← Journal0322026-06-234 min read

The token bill

Token prices fell 67 percent in a year. Enterprise AI spend went up anyway. Uber's story is the clearest account yet of what happens when you let agents run loose on the budget.

Uber's chief technology officer had a number in April that he did not have a story for. The ride-hailing company had exhausted its entire 2026 AI budget in the first four months of the year. The spend came almost entirely from token consumption on agentic coding tools — primarily Claude Code, the tool Anthropic released last year that writes and modifies code autonomously with minimal human intervention. Individual engineers were billing $500 to $2,000 a month in token costs. The company's response was to cap all employees at $1,500 per month per tool.

Uber president and COO Andrew Macdonald told Fortune in late May that despite the aggressive adoption — and the real productivity signal that adoption represents — he could not draw a clear line between rising AI spend and innovations that serve consumers. "That link is not there yet," he said. Sam Altman, appearing on CNBC the same week, acknowledged that the question of whether AI spending will ever produce returns is "the most fair criticism right now of AI."

Both of these statements were made by people at the center of the AI industry. Neither is a dismissal of AI; both are acknowledgments that something in the current deployment model is not working the way the spreadsheets assumed.

The underlying dynamic is mechanical. Token prices have fallen dramatically — 67 percent year-over-year, from $18.40 to $6.07 per million tokens between Q1 2025 and Q1 2026, based on blended market rates tracked by industry analysts. This looks like deflation. In unit terms, it is. But total enterprise AI spend equals price per unit multiplied by volume consumed, and the second variable is growing faster than the first is falling.

The volume problem is specific to agents. A standard chatbot that answers a query in a single turn burns a modest number of tokens per interaction. An agentic system that breaks a task into subtasks, calls tools, checks its own output, iterates, and uses memory across sessions burns five to thirty times more tokens for the same notional task. EY's analysis of agentic AI token costs puts the per-interaction comparison this way: a simple linear AI workflow in 2023 cost approximately $0.04. A complex orchestrated agentic system in 2026, with tools, reasoning loops, and iterative refinement, runs to around $1.20 per interaction. Lower price per token, thirty times higher consumption per task, higher total spend.

The teams most affected are not the ones that deployed agents casually. They are the ones that deployed agents seriously — that embedded agentic coding tools into their engineering workflow, got the productivity signal, encouraged broader adoption, and then saw the billing statement. Adoption velocity and cost control are not naturally aligned when the unit of adoption is a tool that generates variable token volumes per session.

The FinOps community has noticed. In 2025, 31 percent of FinOps practitioners surveyed said they were responsible for managing AI spend. By 2026, that figure is 98 percent. The Linux Foundation announced the Tokenomics Foundation, positioning it as a standards body for AI token cost discipline modeled on what FinOps did for cloud infrastructure spending. Whether a standards body is the right instrument for this problem is debatable; that the problem is real enough to attract institutional attention is not.

The operational failure mode that is creating the worst surprises is what some teams are calling tokenmaxxing: background agentic processes that run continuously, generate output that nobody reviews, and accumulate token spend as a side effect of being left on. CockroachLabs' engineering blog published a useful taxonomy of the common patterns — ambient agents polling state at fixed intervals regardless of whether anything changed, summarization agents generating summaries of summaries, and evaluation loops running more iterations than the task required because there was no exit condition for "good enough." None of these are bugs in the agent; they are design choices that were made without thinking about token cost as a design constraint.
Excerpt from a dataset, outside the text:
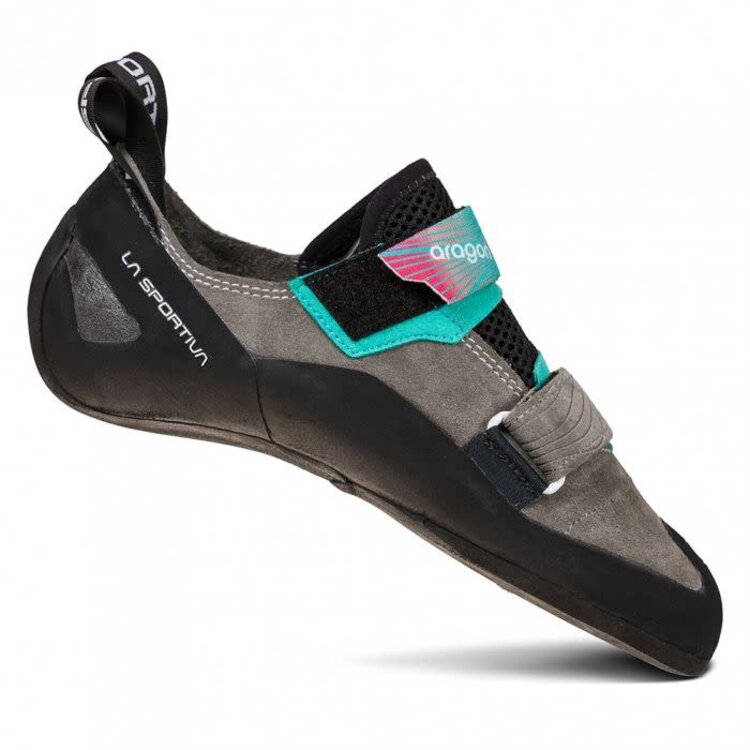 La Sportiva N.A., Inc. Women's Aragon Climbing Shoe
The corrective is not to stop using agents. The corrective is to treat token consumption as a first-class output metric the same way you treat latency or error rate. If you cannot answer "how many tokens does this workflow burn per run" for any agentic workflow in production, you are operating blind in a way that will surface eventually in a billing statement.

There is also a harder question embedded in Macdonald's comment, and Altman's, that deserves to be stated plainly: the value of AI spend at enterprise scale is currently difficult to measure because the productivity gains are diffuse and the costs are concentrated. Engineers ship faster. Whether what they ship is better, or more valuable, or serves the users the company serves, is not a number you can read directly from token consumption. The gap between the two is where most enterprises are sitting right now.

The bill is here. The ROI accounting is still being worked out.

The short of it.

Uber burned through its entire 2026 AI budget in four months, capped employees at $1,500 per month per tool, and its COO admitted he cannot yet draw a line between AI spend and consumer value. Token prices fell 67 percent in a year, but agentic systems burn 5-30x more tokens per task than chatbots, pushing total enterprise AI spend up even as unit costs fall. The FinOps community is scrambling — 98 percent of practitioners are now managing AI spend, up from 31 percent last year. The fix is treating token consumption as a design constraint, not an afterthought; any workflow you cannot cost per-run before deploying will cost you more than you planned.